Humor en las correcciones
Para nadie es grato corregirse de un defecto; menos aún recibir una corrección. Aquí es donde entra en escena de forma más original la pedagogía del humor. «El educador puede beneficiarse del potencial del sentido del humor –apunta la profesora Martínez– para facilitar la asimilación de ideas nuevas, para validar y reforzar las correctas y para suavizar la tensión que pudiera generar el tener que decir a alguien, directa o indirectamente, que está equivocado». De esta forma, se produce en la persona una reacción recíproca. Se comprende, se asimila y se recibe la corrección con un toque de benevolencia hacia la otra persona. Este ejercicio no es de fácil aplicación, es más, tiene sus límites, ya que, si no se trata de un humor sano, se obtiene la reacción contraria de rechazo y repulsa. Aquí es donde se revela el verdadero maestro del buen humor.
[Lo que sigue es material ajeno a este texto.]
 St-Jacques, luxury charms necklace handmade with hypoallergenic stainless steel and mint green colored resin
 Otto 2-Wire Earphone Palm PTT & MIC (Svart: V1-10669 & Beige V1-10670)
La medida para saber si una persona tiene sentido del humor verdaderamente y, por tanto, que será capaz de aplicarlo hacia los demás, es la capacidad que demuestra de reírse de sí mismo. Los principales obstáculos serán, pues, el orgullo y el amor propio. Sería lo mismo decir que una persona que quiera tener buen humor y poder aplicarlo, debe defenderse y luchar contra su amor propio y su orgullo. Quizá por eso alguien afirmaba que las cuatro grandes virtudes cristianas son la fe, la esperanza, la caridad y el buen humor. Como ya se ha dicho, todos somos educadores, el maestro, el jefe, el padre y la madre, o el apóstol. Unos por su profesión, los que se ganan la vida en las aulas de colegios, institutos y Facultades, o tienen cargos de responsabilidad en otras áreas; otros por ley de vida, aquellos que han decidido crear una familia; otros por misión, los que dedican su vida en pleno al servicio del Evangelio en un trabajo directo con las personas; y todos por vocación, los cristianos de manera más específica por el Bautismo que nos proclama apóstoles; pero todo ser humano lo es en la medida que decide progresar cada día, convirtiéndose en educador de sí mismo. Se necesita, por tanto, una pedagogía completa en la que es imprescindible el sentido del humor.